Но, как мы знаем, реклама тоже выдает себя за «праздник потребления», масс-медиа — за «праздник информации», ярмарки — за «праздник производства» и т. д. Художественный рынок или скачки тоже могут сойти за потлач. Почему бы и нет? — спросил бы журнал «Вог». Повсюду функциональное расточительство пытаются выдать за символическое уничтожение. Экономика так сильно утвердила среди нас свой принцип пользы, так сковала нас своим требованием функциональности, что все выходящее за эти рамки легко приобретает аромат игры и бесполезности. Но при этом не замечают, что закон ценности действует и далеко за пределами экономики, что истинное его поле действия — это сегодня епархия моделей. Всюду, где есть модели, утверждается и закон ценности, осуществляется репрессия через знаки и репрессия самих знаков. Оттого радикальное отличие разделяет символические ритуалы и знаки моды.

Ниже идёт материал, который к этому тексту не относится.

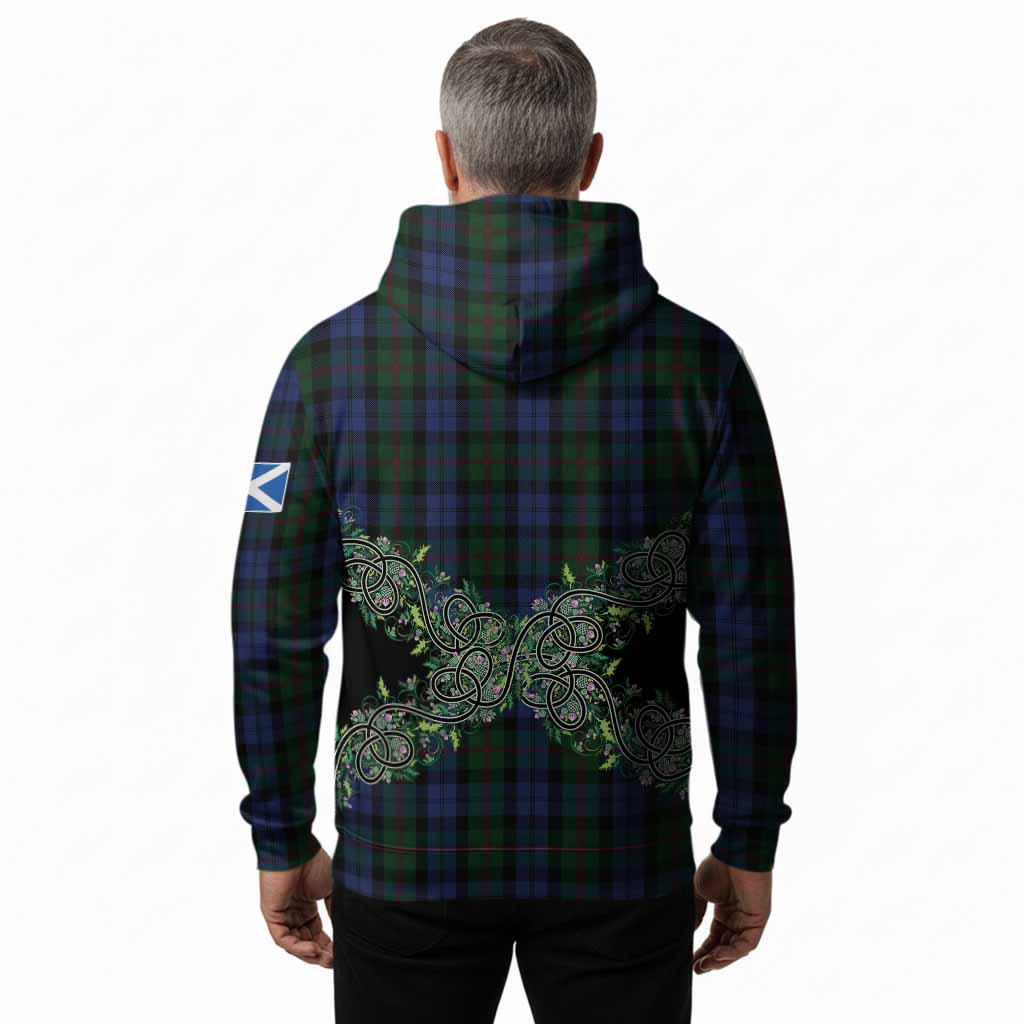Baird Tartan Hoodie Thistle Scottish Spirit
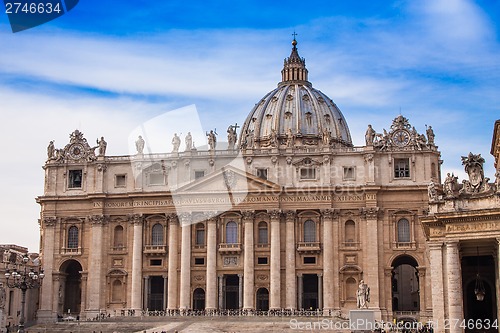 Image of St. Peter's Basilica in Vatican City in Rome, Italy.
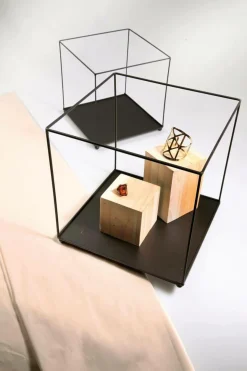 Metallregal Quadratisch Schwarz 20/30 Cm 2 Stück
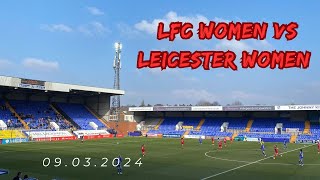 【Match Day Vlog】LFC Women vs Leicester Women FA Cup Quarter Final / 女子FAカップ 長野選手は欠場も宝田選手、籾木選手が出場⚽️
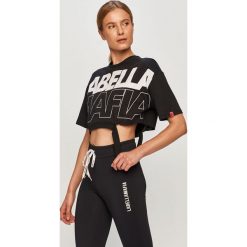 LaBellaMafia - T-shirt. Czarne topy damskie LABELLAMAFIA, s, z nadrukiem, z bawełny, casualowe, z okrągłym kołnierzem. Za 69,90 zł.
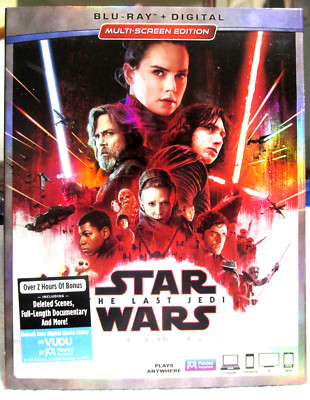 Star Wars The Last Jedi Multi Screen Edition - Blu Ray - 2018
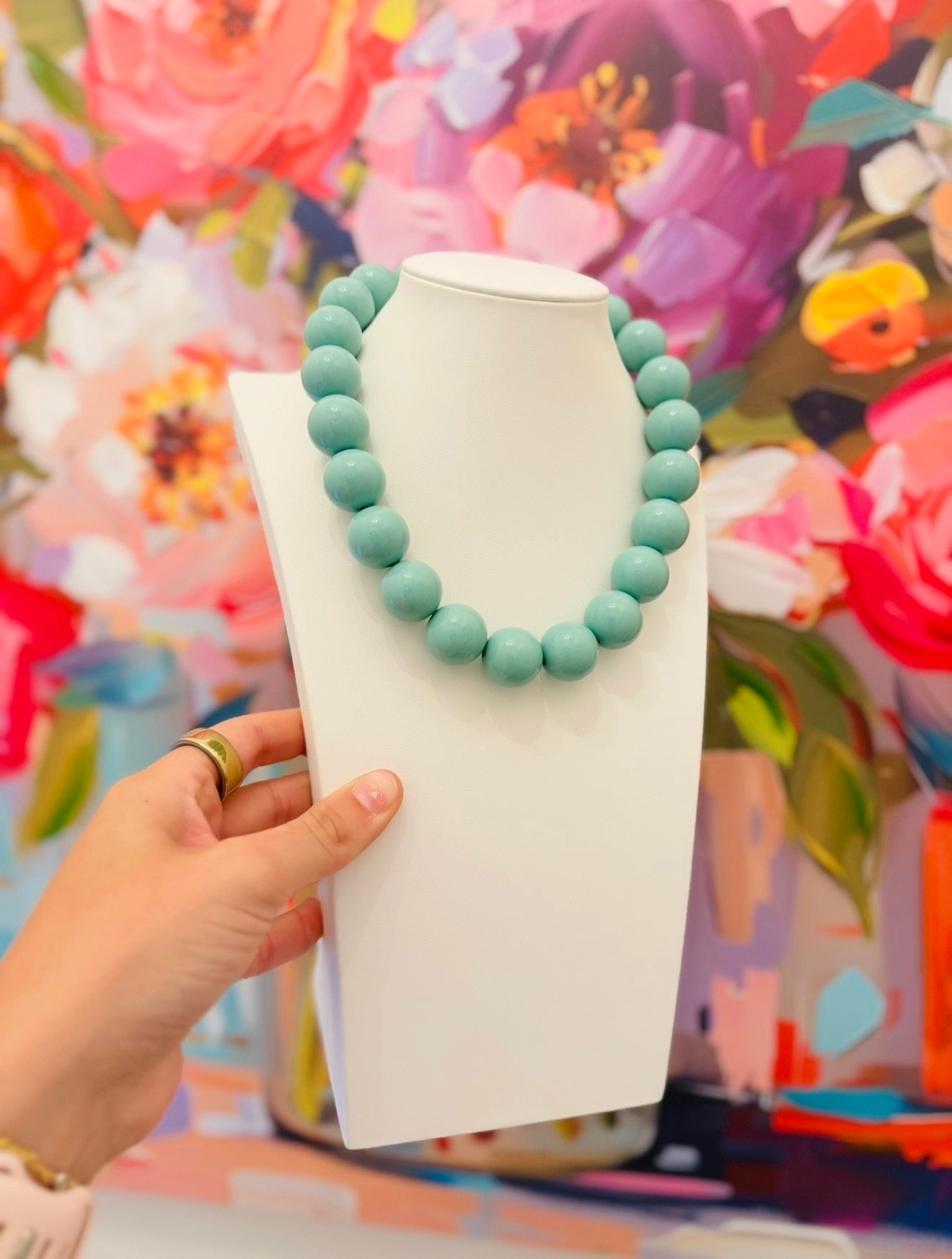 HD/ The Medium Beaded Necklace/ Turquoise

В первобытных культурах знаки открыто циркулируют по всей протяженности «вещей», в них еще не «выпало в осадок» означаемое, а потому у них и нет никакого основания или истинного смысла. Реальности, этой наиглавнейшей из наших коннотаций, не существует. В мире знака нет «заднего смысла», нет бессознательного (которое представляет собой последнюю, самую хитрую из коннотаций и рационализации). Знаки взаимообмениваются здесь вне всяких фантазмов, без галлюцинаций реальности.

Поэтому они не имеют ничего общего с современным знаком, чей парадокс так охарактеризован у Барта: «Неустанно действует тенденция превращать чувственное в значимое, тенденция ко все более сложно организованным системам. Одновременно, в тех же самых размерах, знак стараются замаскировать в качестве знака, скрыть его систематическую природу, рационализировать его, подвести под него основание, связать с какой-нибудь мировой инстанцией, субстанцией, функцией» («Система моды», с. 285). В эпоху симуляции знаки только и делают что выделяют реальность и референцию как некий сверхзнак, подобно тому как мода только и делает что выделяет, выдумывает наготу как сверхзнак одежды. Реальность умерла, да здравствует реалистический знак! Таким парадоксом современного знака определяется его радикальное отмежевание от знака магического или ритуального, который используется при обмене в случаях маски, татуировки или праздника.

Пусть мода и феерична, но это все еще фееричность товара и, более того, фееричность симуляции, кода и закона.

МОДИФИКАЦИЯ ПОЛА

То, что одежда, макияж и т. п. обладают сексуальной инвестицией, — факт в высшей степени сомнительный; точнее, в области моды действует особая, модифицированная сексуальность. Хотя моду и резко осуждают в пуританском духе, но мишенью критики является здесь не секс. Настоящее табу направлено на легковесность, на страсть к неоправданному и искусственному — возможно, более глубокую, чем половое влечение. В нашей культуре, прикованной к принципу пользы, все неоправданное выступает как трансгрессия, насильственное нарушение, и моду осуждают за то, что в пей проявляется мощь чистого, ничего не означающего знака. Сексуальная провокация имеет второстепенное значение по сравнению с этим принципом, отрицающим все основы нашей культуры.

Разумеется, это табу касается также и «неоправданной» сексуальности, не связанной с воспроизводством рода, но, сосредоточившись на проблеме пола, есть опасность поддаться на уловку пуританства, которое стремится свести суть дела к одной лишь сексуальности, тогда как речь идет о самом принципе реальности, о принципе референции, с которым связаны также и бессознательное и сексуальность и которому противостоит мода со своей чистой игрой отличий. Выдвигать здесь на первый план сексуальность — значит опять-таки нейтрализовыватъ символическое с помощью пола и бессознательного. В соответствии с той же самой логикой анализ моды традиционно ограничивается модой в одежде, потому что именно там легче всего отыгрывается сексуальная метафора. Последствие такого смещения: все дело сводится к одной лишь перспективе сексуального «раскрепощения», каковое логично завершается простым раскрепощением костюма. И начинается новый цикл моды.

Мода, несомненно, — эффективнейшее средство нейтрализации сексуальности (накрашенная женщина — это женщина, которую нельзя трогать; ср. ниже, в разделе «Тело, или Кладбище знаков»), именно потому, что страсть к ней — не сообщница, а соперница и, как показано еще у Лабрюйера, победительница пола. Поэтому страсть к моде проявляется во всей своей двойственности именно в отношении тела, которое смешивают с полом.